Some TV channels will have to make do with less audience data and
will have to move away from a numbers-based airtime trading system, two
leading industry researchers claim.
According to Sue Read, the marketing and research director of the ITV
sales house, Laser, and Hugh Johnson, the head of research at Channel 4,
the media industry of the 21st century will have to limit the amount of
published TV research data as the number of TV channels grows.
As average ratings fall because of audience fragmentation, TV audience
data will become significantly more variable, Read and Johnson warn in a
joint paper on TV audience research in the next millennium.

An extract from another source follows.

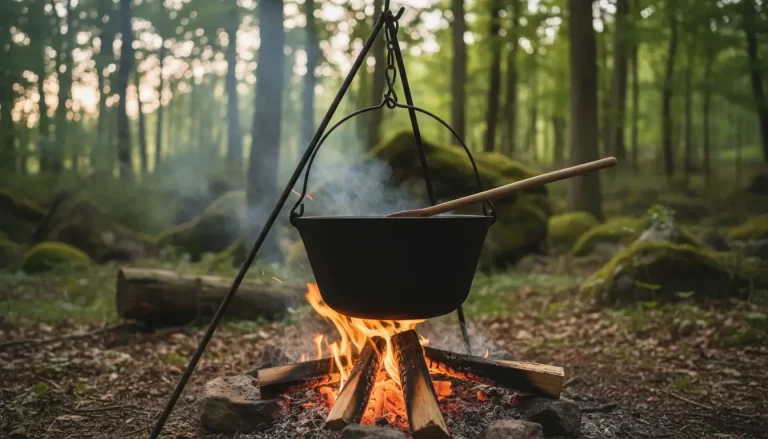 Een stevige, gietijzeren Dutch oven die boven een zorgvuldig geconstrueerd kampvuur hangt, waaruit rookpluimen opstijgen. Een houten lepel rust op de rand.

Merely expanding the size of the TV audience measurement panel could be
far too costly and, for the smaller channels, it will not be possible to
report minute-by-minute ratings figures and, even for some of the larger
channels, reporting on audiences across some parts of the day will be
difficult.
Read and Johnson are proposing that data for smaller channels and for
dayparts on larger channels should be aggregated to provide more
broad-based information such as average reach and total campaign TVRs.
This means a system of airtime trading for most channels based on
criteria other than minute-by-minute audiences.
Johnson explained: ’It’s absolutely ridiculous and not cost-effective to
provide full data, nor is it sensible from a research point of view; the
samples would be too small to be reliable.’